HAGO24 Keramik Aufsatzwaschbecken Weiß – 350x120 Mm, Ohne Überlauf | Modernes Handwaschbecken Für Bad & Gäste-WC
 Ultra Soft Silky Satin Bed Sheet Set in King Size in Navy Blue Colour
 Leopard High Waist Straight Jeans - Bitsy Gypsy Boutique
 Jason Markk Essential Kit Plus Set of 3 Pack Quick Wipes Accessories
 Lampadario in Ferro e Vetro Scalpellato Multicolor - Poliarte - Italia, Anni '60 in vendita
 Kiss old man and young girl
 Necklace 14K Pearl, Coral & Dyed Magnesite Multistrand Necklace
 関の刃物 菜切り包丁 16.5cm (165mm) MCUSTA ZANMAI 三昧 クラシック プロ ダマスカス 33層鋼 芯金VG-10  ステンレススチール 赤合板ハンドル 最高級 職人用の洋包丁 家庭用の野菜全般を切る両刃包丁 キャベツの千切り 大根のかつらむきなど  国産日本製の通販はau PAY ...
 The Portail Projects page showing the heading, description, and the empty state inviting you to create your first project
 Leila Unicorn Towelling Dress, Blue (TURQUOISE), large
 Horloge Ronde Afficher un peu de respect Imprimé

········

• **TASK STATEMENT**:
Reproduce each line, exactly as it appears, from the one that contains "Leopard High Waist" through the last line of the records. Add no other lines.

• **OUTPUT OF THE TASK**:
 Leopard High Waist Straight Jeans - Bitsy Gypsy Boutique
 Jason Markk Essential Kit Plus Set of 3 Pack Quick Wipes Accessories
 Lampadario in Ferro e Vetro Scalpellato Multicolor - Poliarte - Italia, Anni '60 in vendita
 Kiss old man and young girl
 Necklace 14K Pearl, Coral & Dyed Magnesite Multistrand Necklace
 関の刃物 菜切り包丁 16.5cm (165mm) MCUSTA ZANMAI 三昧 クラシック プロ ダマスカス 33層鋼 芯金VG-10  ステンレススチール 赤合板ハンドル 最高級 職人用の洋包丁 家庭用の野菜全般を切る両刃包丁 キャベツの千切り 大根のかつらむきなど  国産日本製の通販はau PAY ...
 The Portail Projects page showing the heading, description, and the empty state inviting you to create your first project
 Leila Unicorn Towelling Dress, Blue (TURQUOISE), large
 Horloge Ronde Afficher un peu de respect Imprimé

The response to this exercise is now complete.